(Caption-style text data)
-.-.-
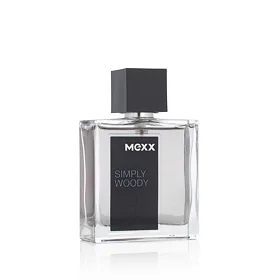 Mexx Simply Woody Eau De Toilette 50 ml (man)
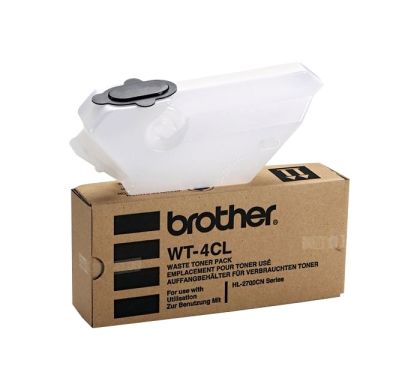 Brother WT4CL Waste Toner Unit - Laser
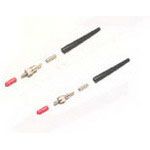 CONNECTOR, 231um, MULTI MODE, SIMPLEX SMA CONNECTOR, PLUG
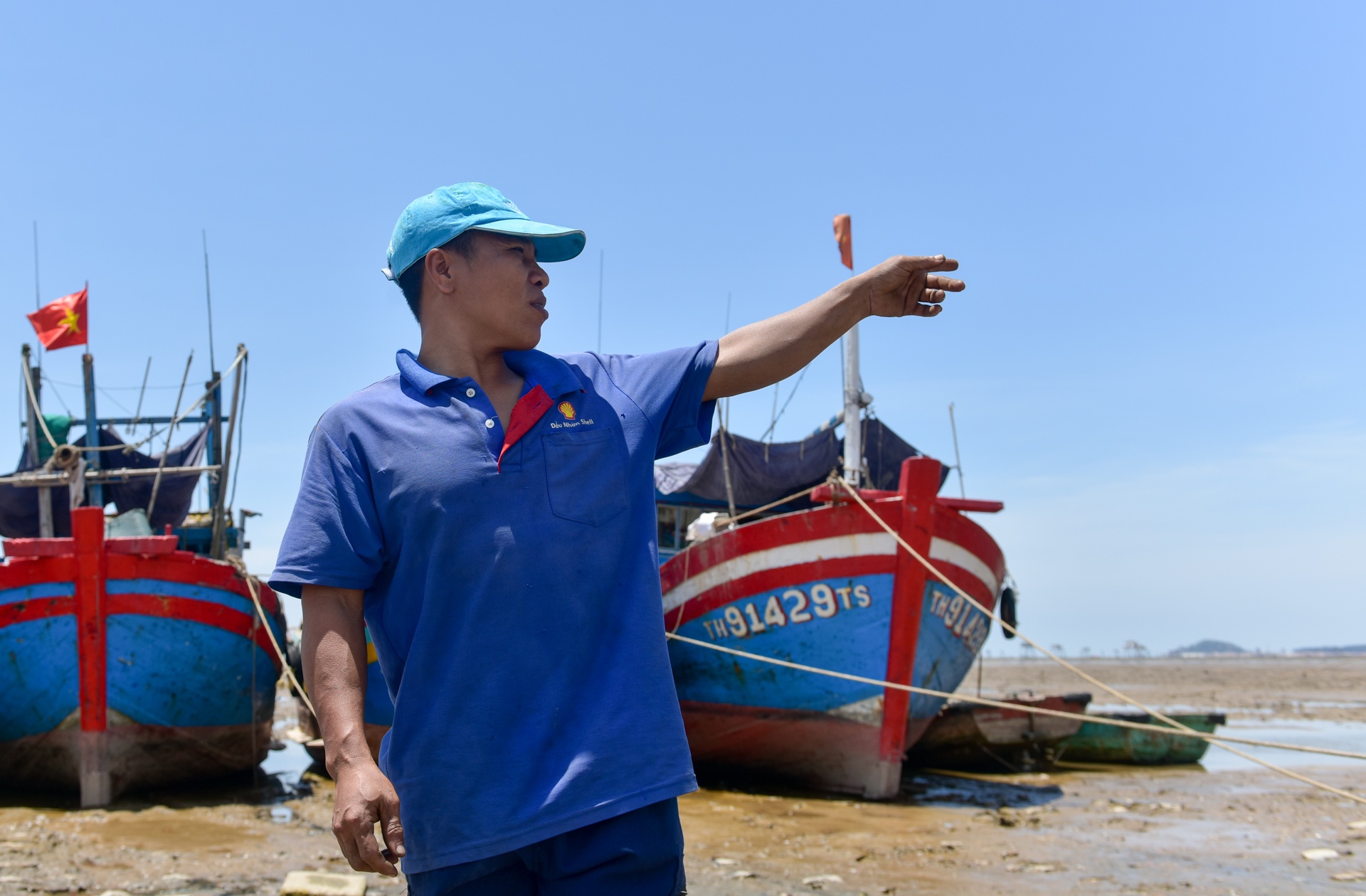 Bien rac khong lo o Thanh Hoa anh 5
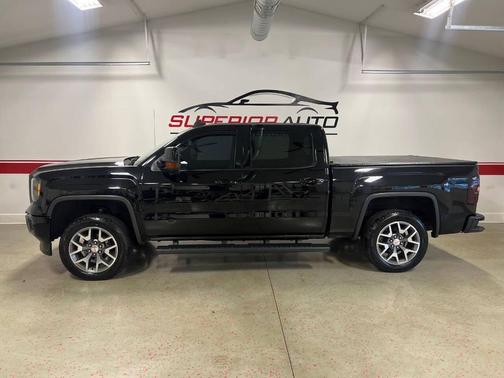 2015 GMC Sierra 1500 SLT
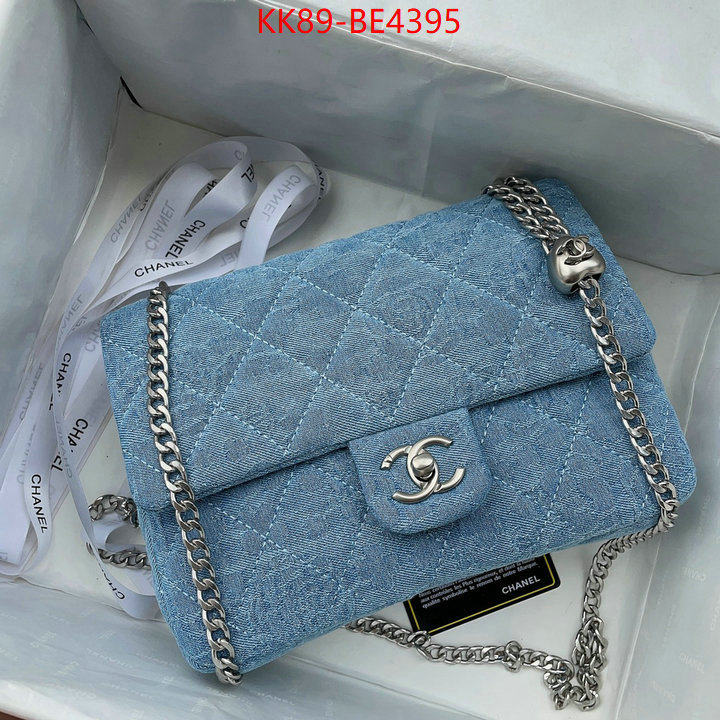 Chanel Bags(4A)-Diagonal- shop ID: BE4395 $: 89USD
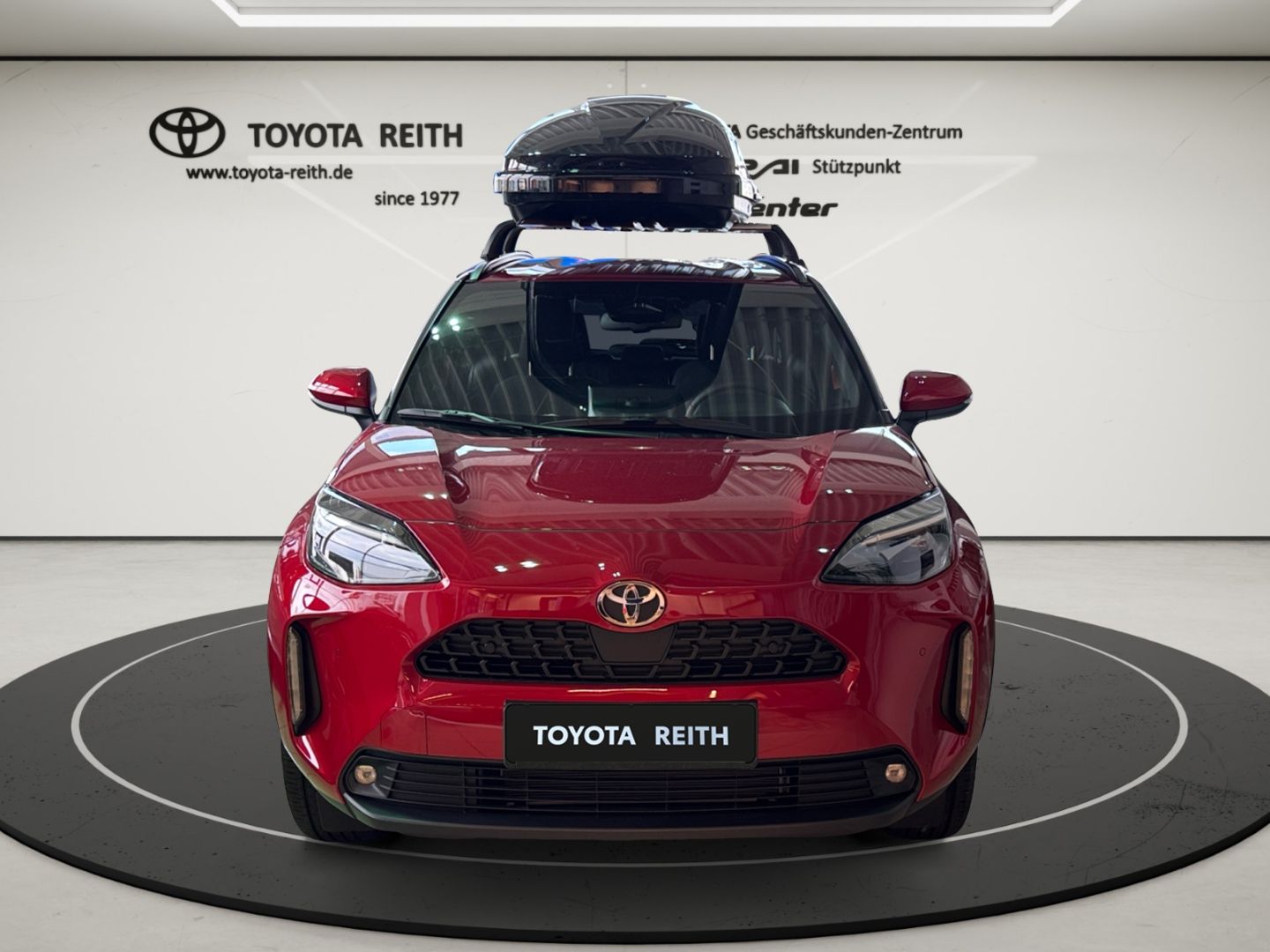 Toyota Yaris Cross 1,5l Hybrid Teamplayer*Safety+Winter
-.-.-
§ **ASSIGNMENT**
The lines from the one containing "Brother WT4CL Waste Toner Unit - Laser" to the last line of the records, both included: print exactly those and nothing else, leaving out any pictures.

§ **EXERCISE ANSWER**
 Brother WT4CL Waste Toner Unit - Laser
 CONNECTOR, 231um, MULTI MODE, SIMPLEX SMA CONNECTOR, PLUG
 Bien rac khong lo o Thanh Hoa anh 5
 2015 GMC Sierra 1500 SLT
 Chanel Bags(4A)-Diagonal- shop ID: BE4395 $: 89USD
 Toyota Yaris Cross 1,5l Hybrid Teamplayer*Safety+Winter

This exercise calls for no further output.